In public interest

Published : Jun 18, 2010 00:00 IST

Justice Sarosh Homi Kapadia, the Chief Justice of India, who assumed office on May 12.-PRAKASH SINGH/AFP

Justice Sarosh Homi Kapadia, the Chief Justice of India, who assumed office on May 12.-PRAKASH SINGH/AFP

Justice Sarosh Homi Kapadia, the senior-most judge in the Supreme Court, succeeded Justice K.G. Balakrishnan as the 38th Chief Justice of India (CJI) on May 12. Justice Kapadia, who will be the first CJI born after Independence, will have a tenure of two years and four months, as Supreme Court judges retire at the age of 65. He is known within the legal fraternity as a tough judge, and his appointment has aroused high expectations.

Justice Krishna Iyer, a former Supreme Court judge, hailed Justice Kapadia's appointment. He said it filled him with hope that we are on the verge of an era of constitutional justice. In a letter to him, Krishna Iyer said: India is a poor country and poverty jurisprudence and social justice must receive high priority. In his reply, Justice Kapadia spoke about his humble origins, how he started his career as a Class IV employee and went on to state that his only asset was his integrity.

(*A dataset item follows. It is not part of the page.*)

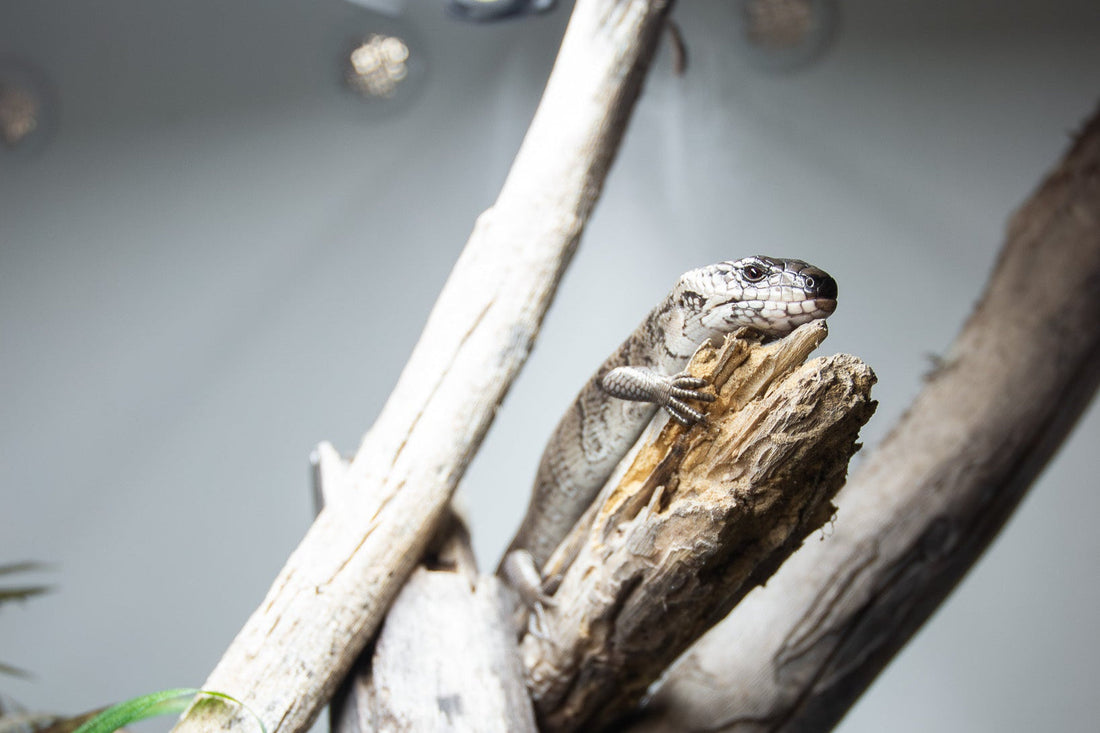 Pink Tongue Skink Care Sheet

Expressing his resolve to fulfil his obligation to the Constitution in the matter of achieving the goal of inclusive growth, Justice Kapadia said: Even as a judge of the Supreme Court I have used my knowledge of accounts and economics for the welfare of the downtrodden, including tribals and workmen.

However, the CJI's views on public interest litigation (PIL) have caused disquiet among those who consider it an effective method to achieve social justice. He said on his first day in office, while hearing a PIL as part of a three-judge Bench: Huge cost will be imposed for filing frivolous PILs.

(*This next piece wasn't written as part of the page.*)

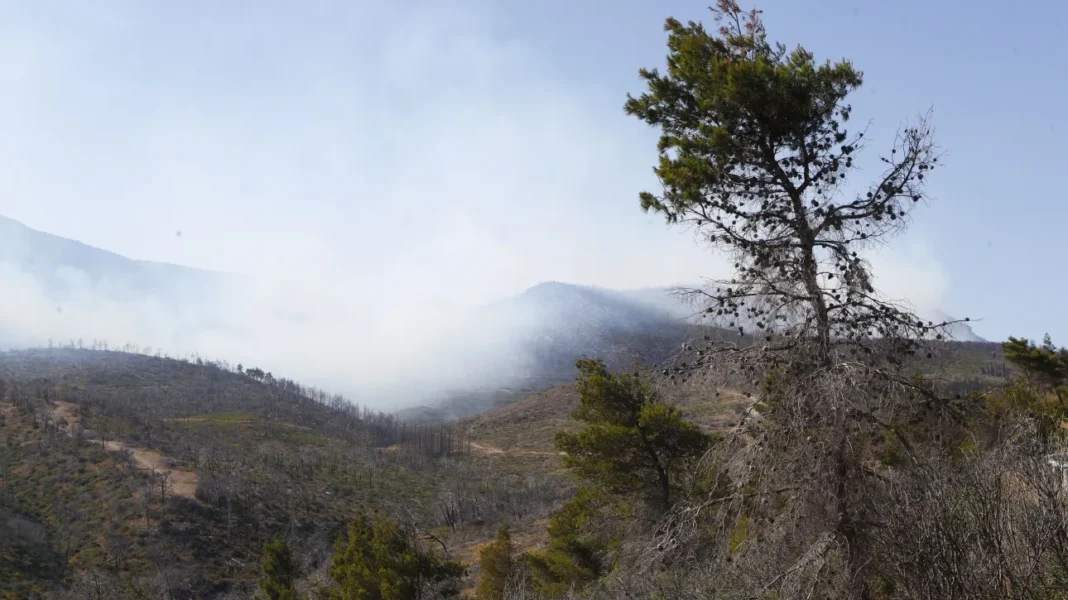 Υπό μερικό έλεγχο η πυρκαγιά στην Πάρνηθα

On May 15, while hearing another petition, he said: PIL petitioners have been moving the courts straightaway without even bringing the problem to the notice of the authorities. And the courts have been entertaining these PILs, virtually taking over the function of the authorities. We will not allow such bypassing of the authorities to take place any more. In this case, a non-governmental organisation (NGO) had sought the implementation of road safety measures by the Andhra Pradesh government. The CJI sought to know whether the NGO had issued notice to the authorities concerned before approaching the Supreme Court.

Some may wonder whether the executive has to be reminded about its duty to implement road safety measures and whether such a reminder serves any purpose. The CJI's views could trigger a debate on the PIL and whether it should be the last option. The general perception is that waiting for the executive to show sensitivity to a grievance would mean letting it aggravate.

It will be of interest to examine the CJI's views on PILs in the light of the Supreme Court's judgment in the Balwant Singh Chaufal case, delivered on January 18. In this case, the High Court had directed the Uttarakhand government to decide whether the appointment of a person who was more than 62 years old as Advocate General of the State was valid or not. The law on this issue is settled: there is no upper age limit for a person to be appointed to the post.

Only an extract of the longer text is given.